Authorities Question CIA Contractors in Connection with WikiLeaks Dump - r721
https://www.wsj.com/articles/authorities-questioning-cia-contractors-in-connection-with-wikileaks-dump-1489283964
======
r721
Important part:

"Investigators probing who may have provided WikiLeaks with classified
information about the Central Intelligence Agency’s purported computer-hacking
techniques are zeroing in on a small number of contractors who have worked for
the agency and may have been disgruntled over recent job losses, according to
people familiar with the investigation.

Authorities on Thursday questioned a handful of contractors working in at
least two locations in the Virginia suburbs of Washington, D.C., these people
said. Law-enforcement officials said no arrests had been made, but one person
familiar with the investigation said it was “rapidly unfolding.”

This person added that a digital trail has pointed authorities, at least
initially, to a team of software developers working with the CIA’s Engineering
Development Group. The group designs tools that, according to the documents
released this week by WikiLeaks, the CIA uses to break into smartphones,
personal computers and televisions connected to the internet. The more than
8,000 pages of documents that WikiLeaks disclosed appear to have been taken
last December from a server that the Engineering Development Group uses, this
person said, and that “only a few contractors would have access to.”

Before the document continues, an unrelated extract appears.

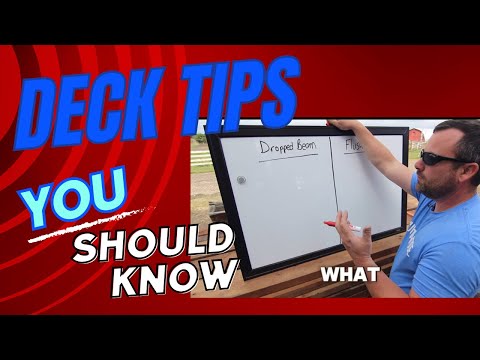 How to build a deck - Beam discussion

More than a dozen companies work for the CIA on hacking projects, the bulk of
them at a facility near Chantilly, Va. It wasn't clear which companies the
people who were questioned worked for. In recent months, there has been talk
of “bad blood” in the small world of CIA contractors who are vital to the
agency’s hacking projects, the people familiar with the probe said. One group
of contractors recently had been working for the CIA overseas and expected to
be given new jobs with the agency in the U.S., but their positions were later
eliminated, one person said.

“There were definitely disgruntled people internally,” this person said,
adding that he believes these individuals may have been among those questioned
by investigators."

Click from tweet worked for me (no paywall):

[https://twitter.com/shaneharris/status/840794112907497472](https://twitter.com/shaneharris/status/840794112907497472)